Copy each line in the data below that contains the word "Swimming".

Crawled caption data
★ ★ ★ ★ ★
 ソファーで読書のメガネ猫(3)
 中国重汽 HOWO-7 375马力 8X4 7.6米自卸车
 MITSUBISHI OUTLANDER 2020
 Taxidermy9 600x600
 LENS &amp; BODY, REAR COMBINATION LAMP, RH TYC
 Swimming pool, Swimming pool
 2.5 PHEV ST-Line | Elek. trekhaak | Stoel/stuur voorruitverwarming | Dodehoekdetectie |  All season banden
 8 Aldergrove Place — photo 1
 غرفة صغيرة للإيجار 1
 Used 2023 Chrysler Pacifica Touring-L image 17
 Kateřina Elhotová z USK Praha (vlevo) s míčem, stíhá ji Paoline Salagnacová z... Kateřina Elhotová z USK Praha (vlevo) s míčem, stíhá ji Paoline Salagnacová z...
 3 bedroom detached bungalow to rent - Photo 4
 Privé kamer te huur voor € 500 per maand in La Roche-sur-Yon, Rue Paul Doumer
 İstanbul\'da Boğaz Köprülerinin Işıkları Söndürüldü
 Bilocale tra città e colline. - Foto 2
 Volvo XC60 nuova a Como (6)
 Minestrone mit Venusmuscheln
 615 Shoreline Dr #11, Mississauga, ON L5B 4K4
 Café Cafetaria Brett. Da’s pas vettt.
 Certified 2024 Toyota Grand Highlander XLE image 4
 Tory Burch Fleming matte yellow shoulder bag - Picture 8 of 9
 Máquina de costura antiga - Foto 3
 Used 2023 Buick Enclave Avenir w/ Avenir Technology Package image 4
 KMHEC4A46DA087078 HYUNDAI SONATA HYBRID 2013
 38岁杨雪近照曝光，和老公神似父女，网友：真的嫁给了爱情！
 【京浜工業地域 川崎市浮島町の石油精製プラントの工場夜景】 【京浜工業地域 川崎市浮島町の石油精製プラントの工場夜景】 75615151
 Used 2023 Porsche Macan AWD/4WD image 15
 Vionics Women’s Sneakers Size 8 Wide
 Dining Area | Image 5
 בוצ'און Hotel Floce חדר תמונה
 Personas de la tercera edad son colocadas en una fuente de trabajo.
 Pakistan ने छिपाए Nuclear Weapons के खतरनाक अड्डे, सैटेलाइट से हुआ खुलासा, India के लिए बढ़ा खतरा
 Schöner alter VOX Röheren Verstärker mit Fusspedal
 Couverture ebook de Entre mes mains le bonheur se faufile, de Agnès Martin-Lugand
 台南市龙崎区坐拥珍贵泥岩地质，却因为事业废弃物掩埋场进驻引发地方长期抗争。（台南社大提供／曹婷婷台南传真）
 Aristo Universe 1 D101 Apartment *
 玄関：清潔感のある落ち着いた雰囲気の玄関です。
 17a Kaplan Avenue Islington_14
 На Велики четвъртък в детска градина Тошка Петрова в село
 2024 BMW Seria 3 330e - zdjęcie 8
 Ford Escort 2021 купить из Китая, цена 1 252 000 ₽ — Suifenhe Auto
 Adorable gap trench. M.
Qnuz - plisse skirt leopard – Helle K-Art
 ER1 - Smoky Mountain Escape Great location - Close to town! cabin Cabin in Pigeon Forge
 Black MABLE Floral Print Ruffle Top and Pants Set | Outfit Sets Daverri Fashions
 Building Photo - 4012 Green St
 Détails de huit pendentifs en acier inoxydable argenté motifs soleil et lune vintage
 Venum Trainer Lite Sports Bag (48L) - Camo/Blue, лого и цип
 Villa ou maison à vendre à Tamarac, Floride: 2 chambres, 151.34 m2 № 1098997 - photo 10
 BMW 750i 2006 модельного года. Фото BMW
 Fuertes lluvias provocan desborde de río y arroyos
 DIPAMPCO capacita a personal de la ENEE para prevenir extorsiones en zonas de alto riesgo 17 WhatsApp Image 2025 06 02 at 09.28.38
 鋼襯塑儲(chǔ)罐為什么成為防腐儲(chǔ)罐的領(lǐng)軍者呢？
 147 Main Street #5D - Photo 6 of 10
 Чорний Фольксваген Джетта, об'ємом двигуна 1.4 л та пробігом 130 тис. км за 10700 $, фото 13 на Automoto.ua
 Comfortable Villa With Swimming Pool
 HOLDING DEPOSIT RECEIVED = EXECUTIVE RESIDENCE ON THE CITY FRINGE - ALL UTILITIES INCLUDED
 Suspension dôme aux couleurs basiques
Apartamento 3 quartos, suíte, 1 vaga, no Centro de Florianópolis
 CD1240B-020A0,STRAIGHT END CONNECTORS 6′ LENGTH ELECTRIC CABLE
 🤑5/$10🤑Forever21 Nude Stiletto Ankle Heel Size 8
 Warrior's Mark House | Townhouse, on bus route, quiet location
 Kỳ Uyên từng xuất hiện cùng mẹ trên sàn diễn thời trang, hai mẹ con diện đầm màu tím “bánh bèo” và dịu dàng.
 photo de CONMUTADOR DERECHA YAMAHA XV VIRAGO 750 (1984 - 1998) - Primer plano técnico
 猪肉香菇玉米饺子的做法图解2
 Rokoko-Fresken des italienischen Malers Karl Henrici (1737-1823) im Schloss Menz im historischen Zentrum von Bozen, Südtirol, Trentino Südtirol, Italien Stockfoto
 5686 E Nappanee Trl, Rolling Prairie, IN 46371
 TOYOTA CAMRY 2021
★ ★ ★ ★ ★
▶ Solution
 Swimming pool, Swimming pool
 Comfortable Villa With Swimming Pool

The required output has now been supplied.